Using materials such as leather, shearling and alpaca, Willis created a line of foul weather clothing that performed splendidly through the harshest of conditions. (He also found the minerals.)
Through the early 1900s, Willis sold the items he designed and manufactured through venerable outdoor retailer Abercrombie & Fitch. Word of Willis’ designs spread quickly through the exploration community and in 1906, Teddy Roosevelt wore Willis’ wares (that he had purchased from Abercrombie & Fitch in NYC) on his trip across Alaska. Roosevelt was pleased enough with their performance that he again wore Willis’ clothing in 1908 when he journeyed to Africa.
In 1928, Willis took on a business partner named Howard W. Geiger, and the company was re-christened Willis & Geiger Outfitters. Willis handled the technical and design aspects while Geiger focused on marketing.
Willis & Geiger operated under a simple dictum:
“Don’t tell us how to make it cheaper, tell us how to make it better.”
In 1931, the U.S. Government approached Willis & Geiger in need of a new jacket for its pilots; the result was the now famous A-2 Intermediate Flight Jacket. From there, the list of adventurers who wore Willis & Geiger reads like a veritable Who’s Who of exploration marvels: Lindbergh. Amundson. Earhart. Hillary. And the list went on.
For more than 50 years, the “Make It Better” philosophy served the company well. However, in 1977, Abercrombie & Fitch went bankrupt with its single largest debt owed to Willis & Geiger. W&G didn’t survive.

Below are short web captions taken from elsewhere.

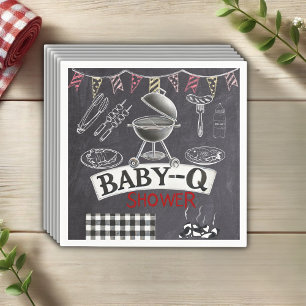 Chalkboard Baby-Q Grill Baby Shower Napkin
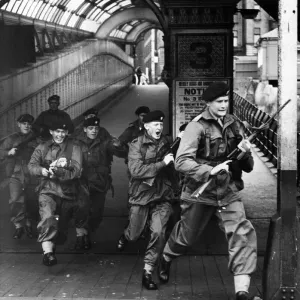 Assault troops of the Cheshire Regiment on Liverpool Landing Stage Print Assault troops of the Cheshire Regiment on Liverpool Landing Stage Print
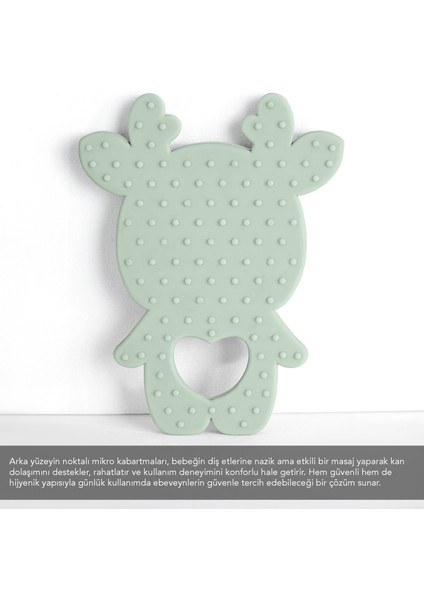 Geyik Silikon Diş Kaşıyıcı - Sevimli Hayvan Figürlü Bebek Diş Kaşıyıcı Dişlik Yeşil fiyatları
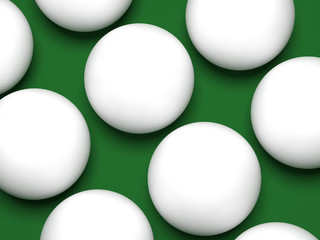 Billiard balls close-up on a green background 3d render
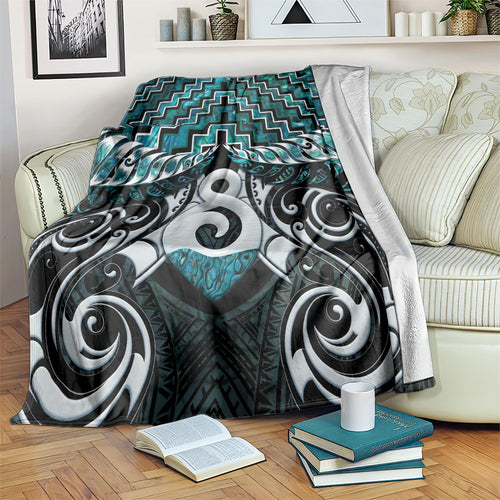 New Zealand Maori Blanket Poutama Pikorua - Single Twist Paua Shell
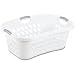 Sterilite Hip Hold Laundry Basket (White/Titanium Handles) (12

In 1979, a former Abercrombie & Fitch employee named Burt Avedon led a group of investors that revived the Willis & Geiger brand. Avedon, who played football and baseball at UCLA in the 1940s, was a former Naval fighter pilot in World War II and later an African bush pilot and professional hunter. Naturally, Avedon had a deep appreciation of the company’s outfitter heritage. He did a masterful job resurrecting the brand, creating the company’s first mail order catalog and developing it into a strong multi-channel specialty retailer.
Avedon led the sale Willis & Geiger to VF Corp. in the early 90s, and VF later sold it to Laura Ashley. In 1995, W&G was purchased by Lands’ End. Though Lands’ End no longer actively markets the brand, LE/Sears still controls it and occasionally attaches its name to new product offerings. Each of these much larger parent-company-owners never seemed to understand why the Willis & Geiger concept couldn’t successfully be taken mainstream. They didn’t comprehend the notion that bigger isn’t always necessarily better, and for a niche purveyor like Willis & Geiger, that was certainly the case.
More than 100 years after it began, the most lasting testament to Willis & Geiger’s “Make it Better” formula can be seen on eBay. Though its been nearly 20 years since the company last made products independently, it’s well-worn clothing and accessories frequently change hands on the auction website for several times their original retail price.
Don’t make it cheaper; make it better. We can’t think of better words for a retailer to live by.